Le chapitre 4 aborde la dimension historique du rôle de la culture régionale du vin dans la construction de la Bourgogne comme « berceau historique » du vin de qualité. L’auteure présente plusieurs exemples pour illustrer l’importance historique de la Bourgogne dans la viticulture mondiale. Elle nous invite à rejoindre une élite internationale de riches initiés souvent occidentaux en évoquant des noms de cuvées mythiques. L’industrie mondiale du vin est, selon son analyse, marquée par celle des grands crus qui agit comme un marqueur culturel. Elle aborde ensuite la façon dont les guides et publications spécialisées, en accordant une place prépondérante aux grands crus, ont construit l’imaginaire littéraire du vin de Bourgogne, basé sur la qualité et l’excellence qui, selon elle, relève d’une construction des imaginaires du goût.

Dans le chapitre 5, Marion Demossier traite des modes de production respectueux de l’environnement qui, à présent, symbolisent la qualité et s’opposent aux interventions technico-phytosanitaires qui ont dominé la production pendant longtemps. Elle retrace l’émergence du discours sur la « nature » afin d’aborder les relations de pouvoir et d’enjeux au niveau local et international et montre comment le discours sur le « naturel » répond à de nouveaux marchés et des consommateurs à la recherche d’authenticité. Elle aborde le débat sur l’hégémonie du terroir, outil de gouvernance locale qui offre aux acteurs locaux une alternative à la mondialisation.

Le chapitre suivant est consacré à l’histoire du terroir, réinterprété par les producteurs et les consommateurs, au prisme du marketing international. Marion Demossier ose un rapprochement audacieux (manga japonais et producteurs néo-zélandais de pinot noir), pour illustrer et analyser les interprétations et imaginaires associés au « goût du lieu » et au « terroir » en s’appuyant sur l’histoire des grands crus.
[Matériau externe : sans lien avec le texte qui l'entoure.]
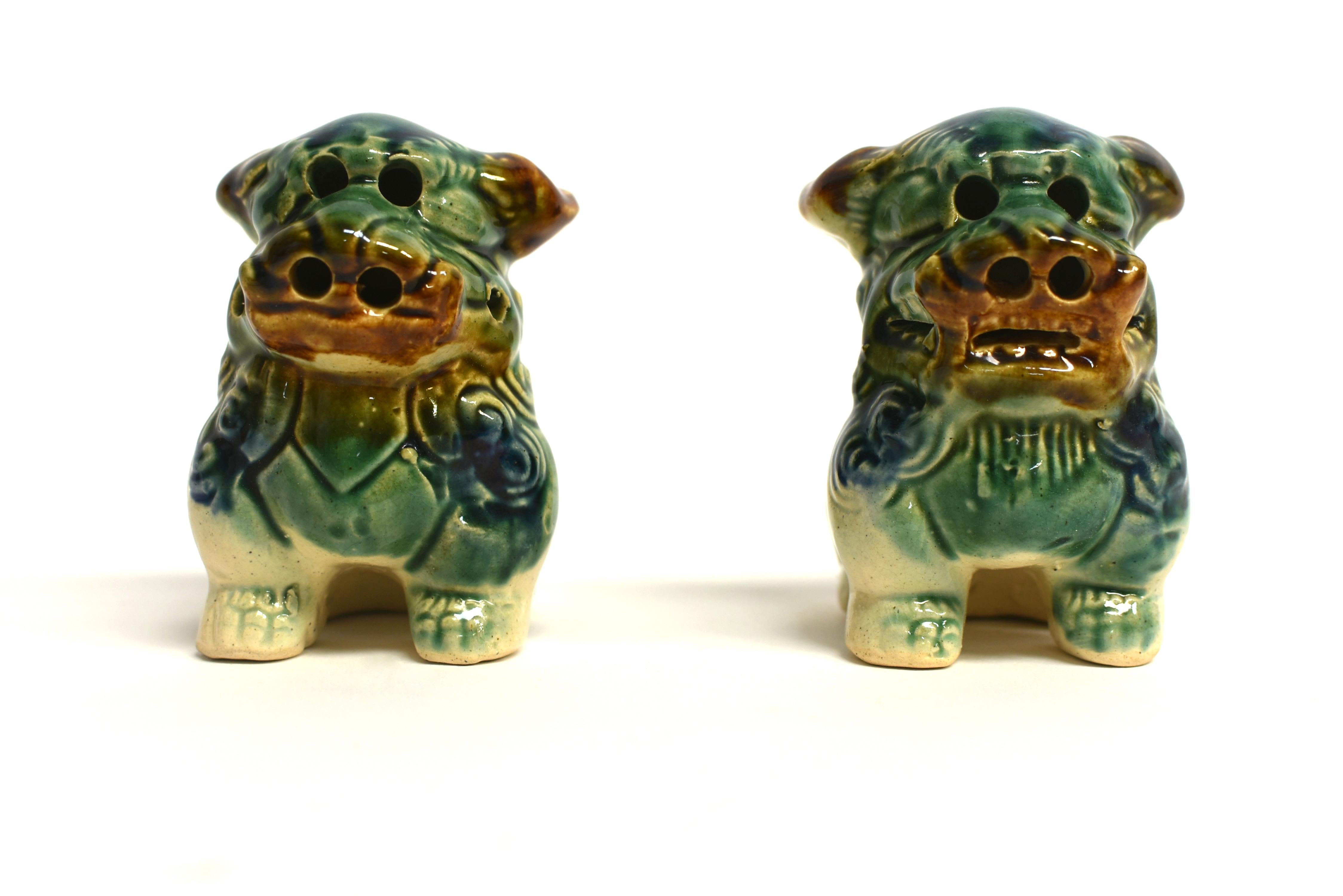 Pair Cute Tri-Glaze Ceramic Foo Dogs 4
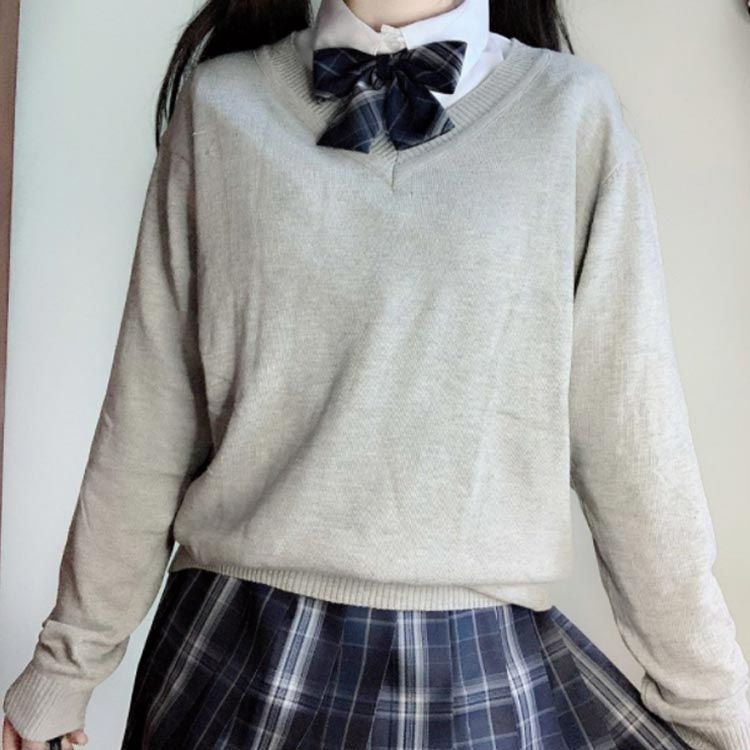 スクールセーター Vネック ニット セーター 長袖 制服 学生服 スクール セーター 男女兼用 JK制服 入学 通学 中学生 高校生 制服 セーター 学校 高校 男子高生 女子高生 無地 グレー 大き#chi4006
Le chapitre 7 nous emmène en Nouvelle-Zélande, terroir de Bourgogne déplacé aux antipodes, où l’auteure aborde les relations entre le modèle original et ces nouvelles régions productrices de pinot noir. Marion Demossier décrit ces deux régions, différences et similitudes servant à illustrer la dimension capitaliste de l’industrie mondiale du vin. Elle traite ensuite de la commercialisation des vins dans le monde qui a créé les conditions pour encourager la différenciation et la « distinction ». Elle place le marketing, mais surtout le « goût » en tant qu’expérience sociale, au cœur du processus de différenciation des vins selon les réseaux de commercialisation.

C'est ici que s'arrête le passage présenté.